→ WORK TO COMPLETE: The copy you return must match the listing word for word and carry no pictures.

→ AVAILABLE RECORDS:
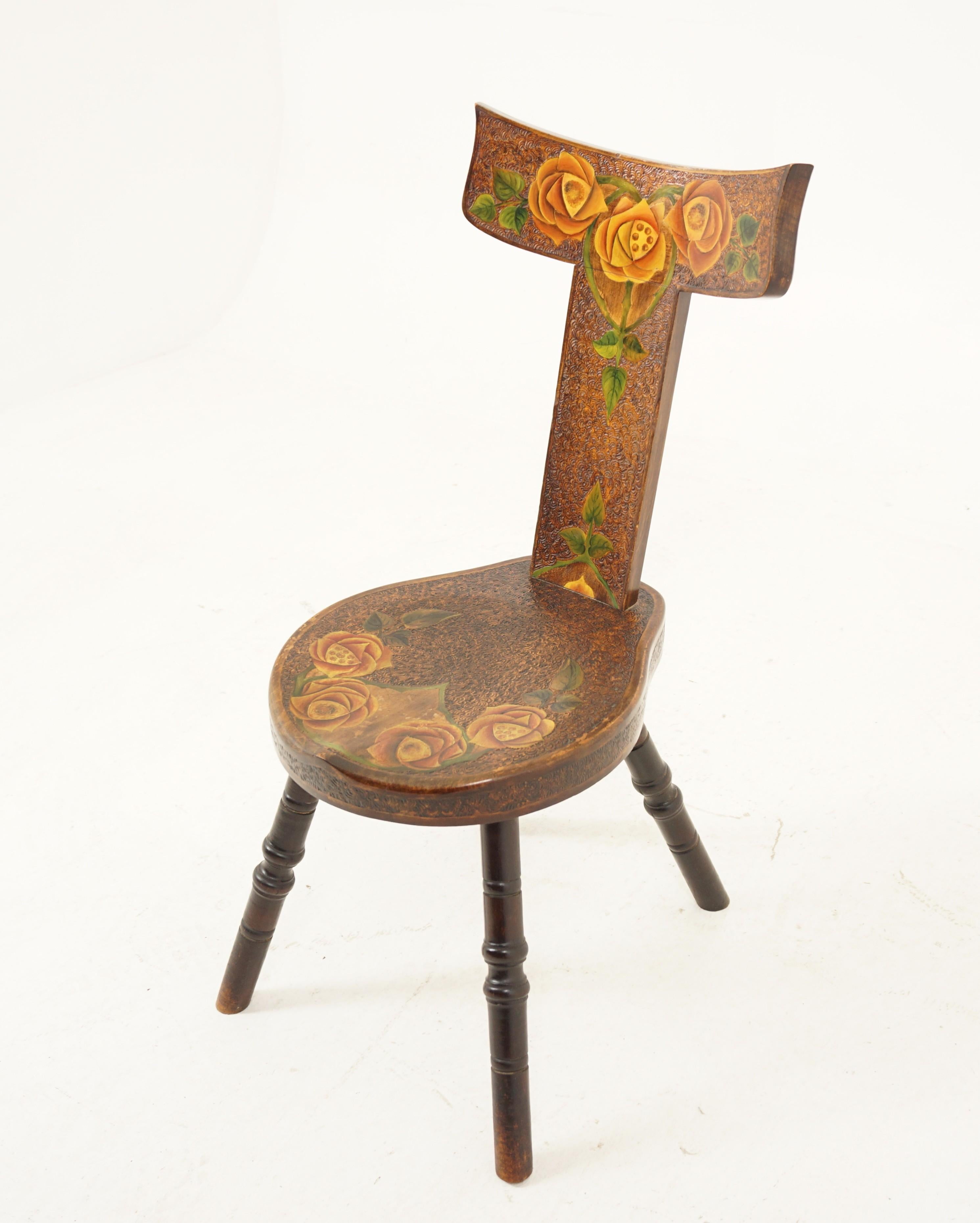 Antique Victorian Poker Work Spinning Chair, Painted Flowers, Scotland 1890, H024

Scotland 1890
Solid Beechwood
Original finish
Carved Shaped back with hand painted floral design
Carved wooden seat below
All standing on four turned legs
Lovely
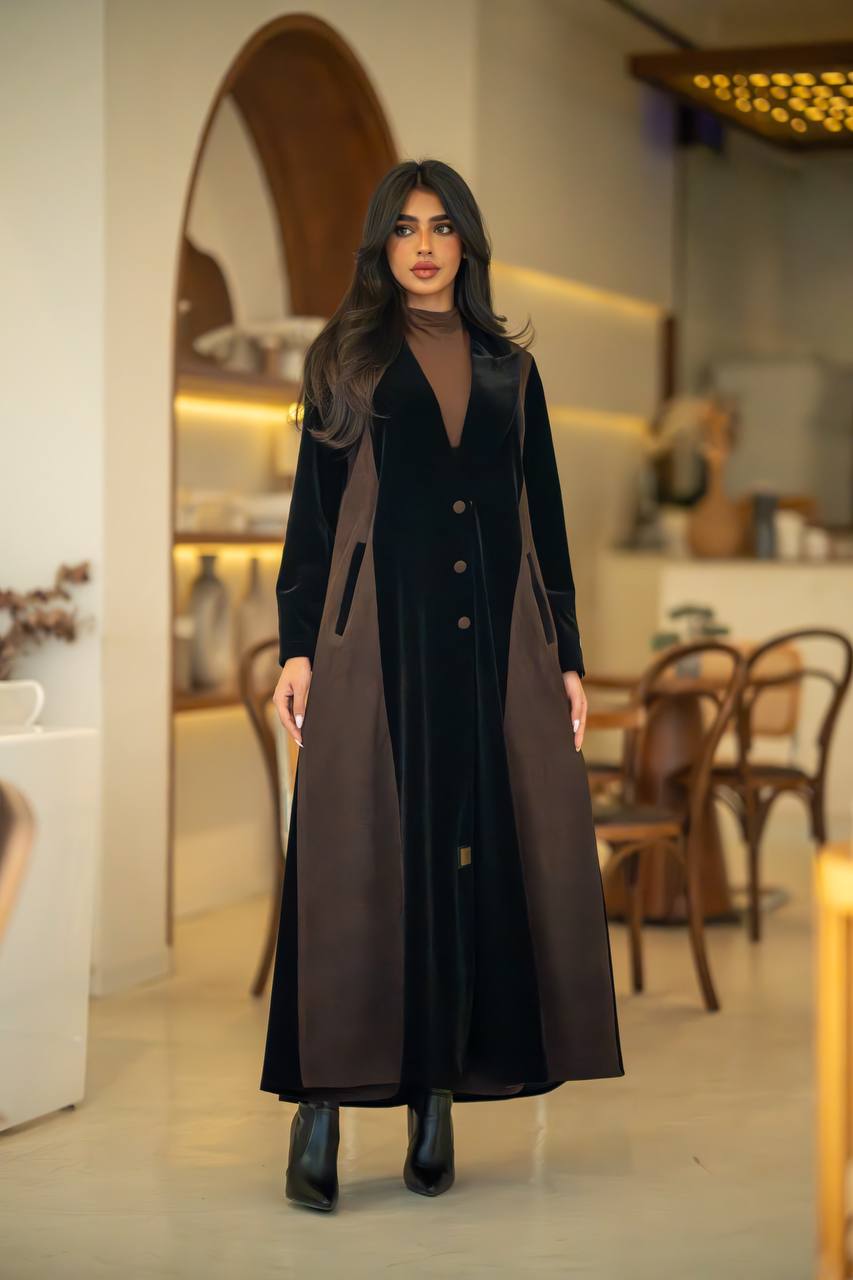 Velvet Abaya Black Crepe and Ribbed Velvet Brown C:6582 Brown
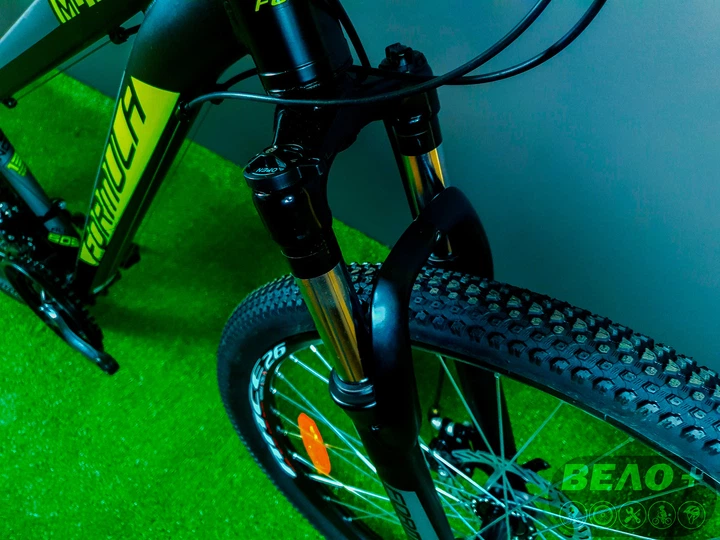 Велосипед AL 26" Formula MOTION AM DD рама-13" черно-зеленый с серым (м) 2021 - изображение 5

→ EXERCISE ANSWER:
 Antique Victorian Poker Work Spinning Chair, Painted Flowers, Scotland 1890, H024

Scotland 1890
Solid Beechwood
Original finish
Carved Shaped back with hand painted floral design
Carved wooden seat below
All standing on four turned legs
Lovely
 Velvet Abaya Black Crepe and Ribbed Velvet Brown C:6582 Brown
 Велосипед AL 26" Formula MOTION AM DD рама-13" черно-зеленый с серым (м) 2021 - изображение 5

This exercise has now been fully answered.